* **GIVEN MATERIAL**:
== Segment start ==
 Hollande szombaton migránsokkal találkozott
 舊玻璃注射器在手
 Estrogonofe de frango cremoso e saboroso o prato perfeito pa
== Segment end ==
* **YOUR ASSIGNMENT**: An exact retyping of the full listing is required.

* **ANSWER SECTION**:
 Hollande szombaton migránsokkal találkozott
 舊玻璃注射器在手
 Estrogonofe de frango cremoso e saboroso o prato perfeito pa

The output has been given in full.